What the task requires: Leave out any pictures and transcribe all other data below exactly.

Collected material:
—————

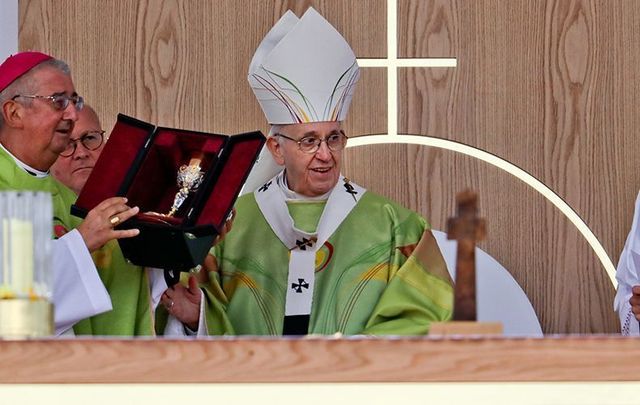 Pope Francis saying Mass at the Phoenix Park, in August 2018.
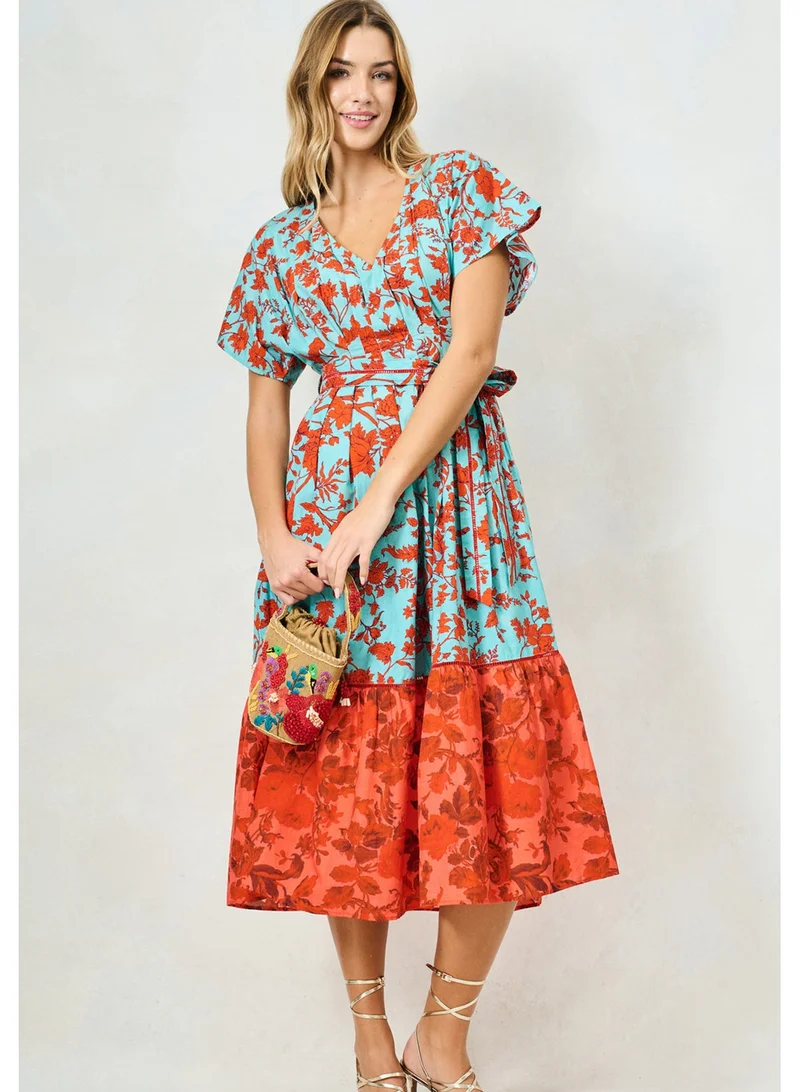 Hope & Ivy  Mixed Print V-Neck Midi Dress with Tie Waist for Women | Best Price UAE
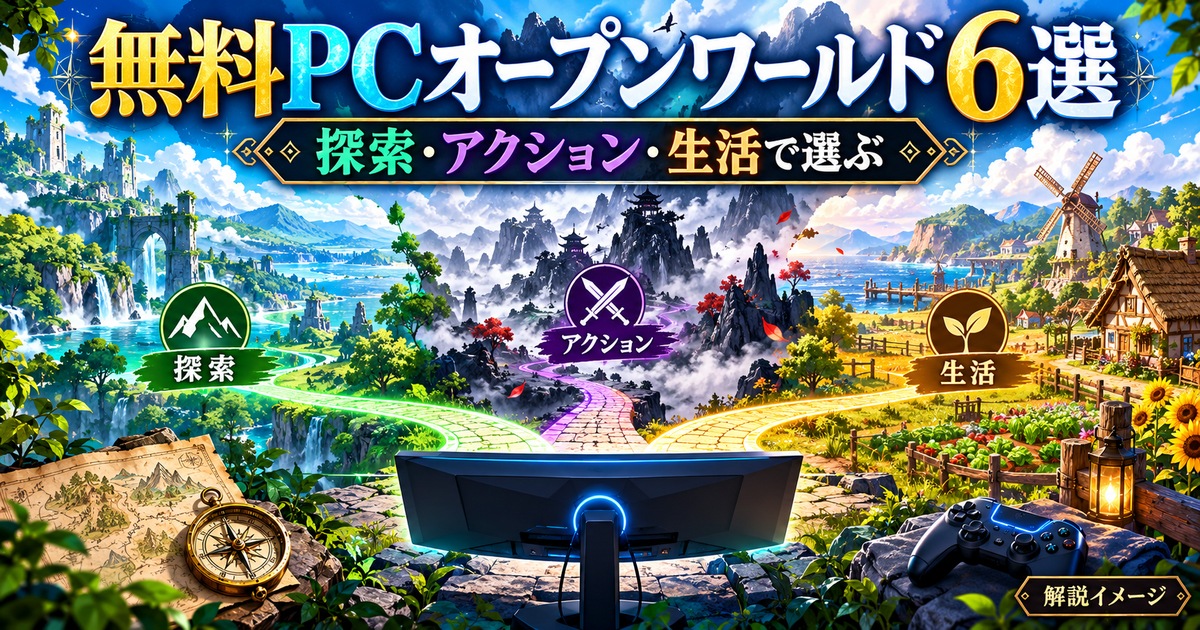 無料PCオープンワールドを探索・アクション・生活で選ぶ解説図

—————

Answer box:
 Pope Francis saying Mass at the Phoenix Park, in August 2018.
 Hope & Ivy  Mixed Print V-Neck Midi Dress with Tie Waist for Women | Best Price UAE
 無料PCオープンワールドを探索・アクション・生活で選ぶ解説図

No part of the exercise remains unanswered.